A crucial aspect of creativity, is what Clutterbuck (2013), expounds as psychological safety. This is a key element to creativity. As an individual, you must feel safe and comfortable to explore ideas and to innovate, without reproach. This process involves thinking of ridiculous and unworkable ideas, having them deconstructed, but working through the process in order to develop the innovation process. This is even more crucial when working with others and bouncing off their creativity. It is a fine line, between critically looking at their ideas and pulling them unconstructively a part. Within any organisation, my academics and my own business, I want an ethos where every single person feels like they can make a different; they are more than just a cog into the corporate machine. Consequently, I want their ideas and input. But I also want them to respect my ideas too.

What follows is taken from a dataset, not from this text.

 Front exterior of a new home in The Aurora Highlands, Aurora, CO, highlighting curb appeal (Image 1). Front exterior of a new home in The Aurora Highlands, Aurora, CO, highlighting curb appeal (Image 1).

Zwilling (2013) in his article puts forward several ideas surrounding entrepreneurship and creativity. He discusses corporation’s perceptions of creativity and how as a business, we often perceive how to innovate, which has led to business incentivising creativity, changing the ethos of their company to foster creativity and that creativity is restricted by resources. As such, innovation is labelled as something that needs to be encouraged, needs to have a certain facilitative factor and that not all people can do.
Being an entrepreneur, starts with the ability to create and build on ideas. Instead of focusing on the idealise entrepreneur, we should be looking at how to encourage innovation. However, like with any output, creativity and idea generation is different to everyone; it is a skill that can be developed over time. Business idea generation is daydreaming; dreaming and developing a perception of your idealised world, with something you have created in your mind in it (Zwilling 2013). To boost creativity and innovation, we need to promote more of this day dreaming and considering the “what if?”
There will always be people in the world that can take ideas and make them into a reality. But there may not always be new ideas and innovation. To ensure progress, we should not encourage this elitist view, that innovation and entrepreneurship is for the gifted few. Businesses and success start with idea generation, a process that is accessible and open to all. There isn’t a successful formula to developing a good business idea or a method of promoting idea generation, it all comes from self-discipline. For me that starts with my little note book, a quiet space and a pen. The more I’ve opened myself up to the business idea process and believed in my ability, the list of business ideas I’ve thought of has been remarkable. My notebook is full of terrible ideas, with no practical application or any hope of success, but then once every so often, there develops a good idea, with enterprise mileage (Zwilling 2013).